I READ A LOT OF BOOKS. Some I can recommend, and some I cannot. Here, however, are some recommended titles from recent months. Thomas Jefferson, A Biography of Spirit and Flesh by Thomas Kidd. When I find a historian that writes well, I read more of their books. They aren’t that common. Kidd is one I return to regularly. The author is an evangelical who also writes as an evangelical.
This book is a spiritual and moral biography of President Jefferson, the man who wrote the declaration of independence. Spiritually, Jefferson was an enigma wrapped in a riddle. He was Enlightenment thinker, and his thinking would prove harmful to the American experience. He was an ideologue. He loved ideas, but he wasn’t very good at loving people. He was one Paul Johnson’s “Intellectuals” who loved the world but couldn’t love those close to him. Although he wrote the Declaration of Independence, he owned over 100 slaves. One of them, beautiful Sally Hemings, a slave bequeathed to him by his father-in-law, was also his deceased wife’s half-sister. In other words, she was his sister-in-law, and simultaneously his concubine. Although they had numerous children together, Jefferson didn’t marry her. Read the book. It’s a fascinating study of a complex and compromised man.

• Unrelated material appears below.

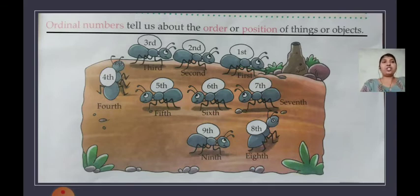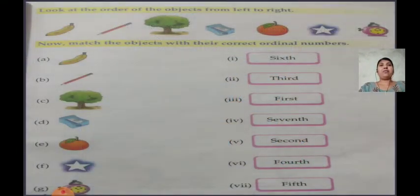Ordinal numbers are used to tell your position. Now, in the previous video we saw one exercise on page number 54. Today we are going to see another exercise from this lesson. For that, you have to open page number 54 of your textbook.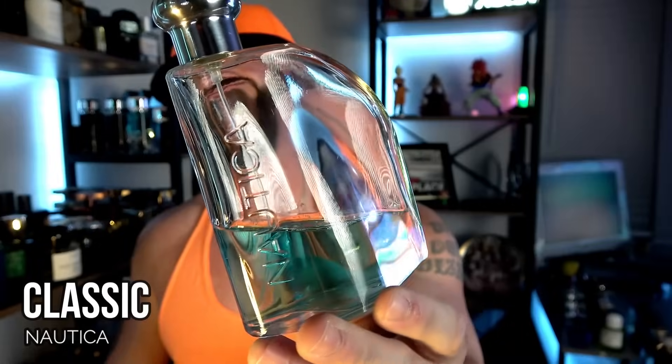Last but most certainly not least from my rotation: the greatest of all time — Nautica Classic. I wore it just last night before recording this. It's still basic, still nothing special — it's a nostalgia pick for me. You can still get it for around 12 bucks online; it's a safe blind buy. Just know it's a shell of its former self. It used to be a bit more floral and woodsy with more depth and character; now it's more of a generic saltwater fragrance that doesn't last much beyond two hours.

The Bell Curve, Intelligence and Class Structure In American Life, by Charles Murray & Richard Herrnstein created a publicity firestorm when it hit the bookstores thirty years ago. (I just got around to reading it). It would be even more controversial today. It is a study of I.Q.—how it affects productivity, and just about every facet of modern life, especially since the advent of the Information Technology revolution. The really controversial part is the data on race and IQ. The IQ of the average Caucasian is about 100. But the average IQ of the Ashkenazy Jew is 115, almost one standard deviation above higher. This means that only 16% of Caucasian IQs equal the Jewish average. In the other direction, the average African IQ is about 85, almost a standard deviation below average. What could be more politically incorrect than these facts? But facts are stubborn realities. They are true whether we like them or not. Read the book. It is compassionately written, and does much to help explain modernity.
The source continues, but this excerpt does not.